» **TASK OBJECTIVE**:
Locate "Owl on Textbooks" in the data below, then output the line it is on and all following lines through the last, word for word. Skip any pictures.

» **Crawled caption data**:
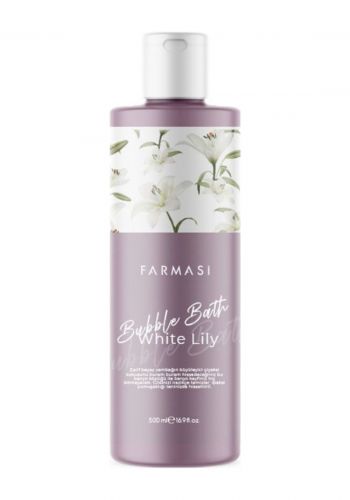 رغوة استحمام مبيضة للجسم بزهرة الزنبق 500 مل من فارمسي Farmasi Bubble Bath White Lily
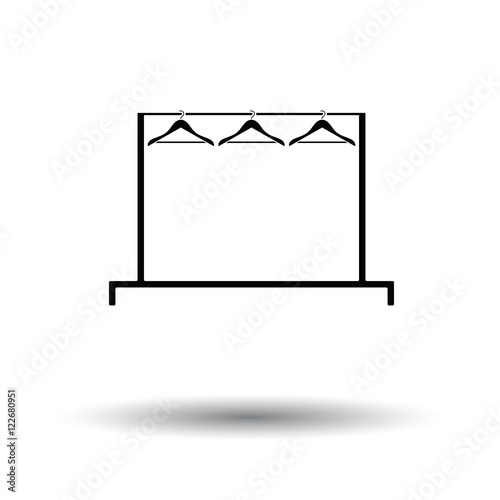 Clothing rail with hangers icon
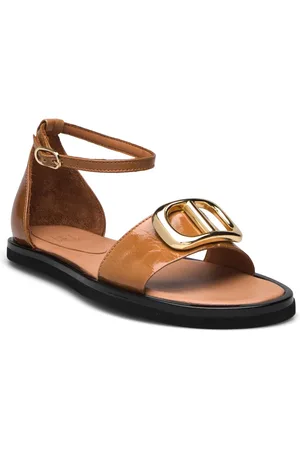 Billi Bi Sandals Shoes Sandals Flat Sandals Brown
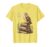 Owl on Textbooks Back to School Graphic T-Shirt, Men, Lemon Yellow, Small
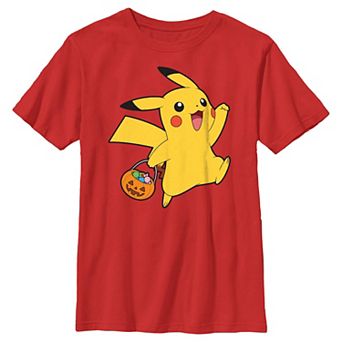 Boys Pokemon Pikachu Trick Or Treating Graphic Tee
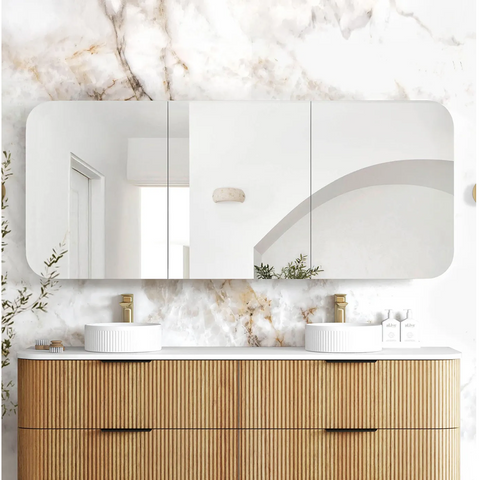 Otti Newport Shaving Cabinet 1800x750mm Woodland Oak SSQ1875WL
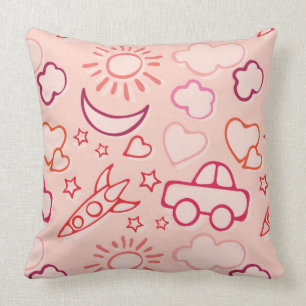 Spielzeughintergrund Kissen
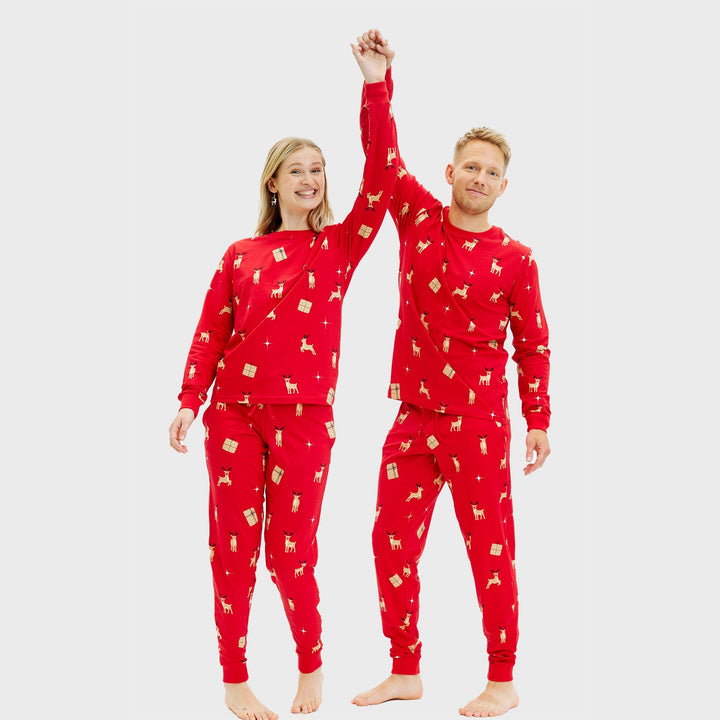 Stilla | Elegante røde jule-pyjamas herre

» **EXERCISE ANSWER**:
 Owl on Textbooks Back to School Graphic T-Shirt, Men, Lemon Yellow, Small
 Boys Pokemon Pikachu Trick Or Treating Graphic Tee
 Otti Newport Shaving Cabinet 1800x750mm Woodland Oak SSQ1875WL
 Spielzeughintergrund Kissen
 Stilla | Elegante røde jule-pyjamas herre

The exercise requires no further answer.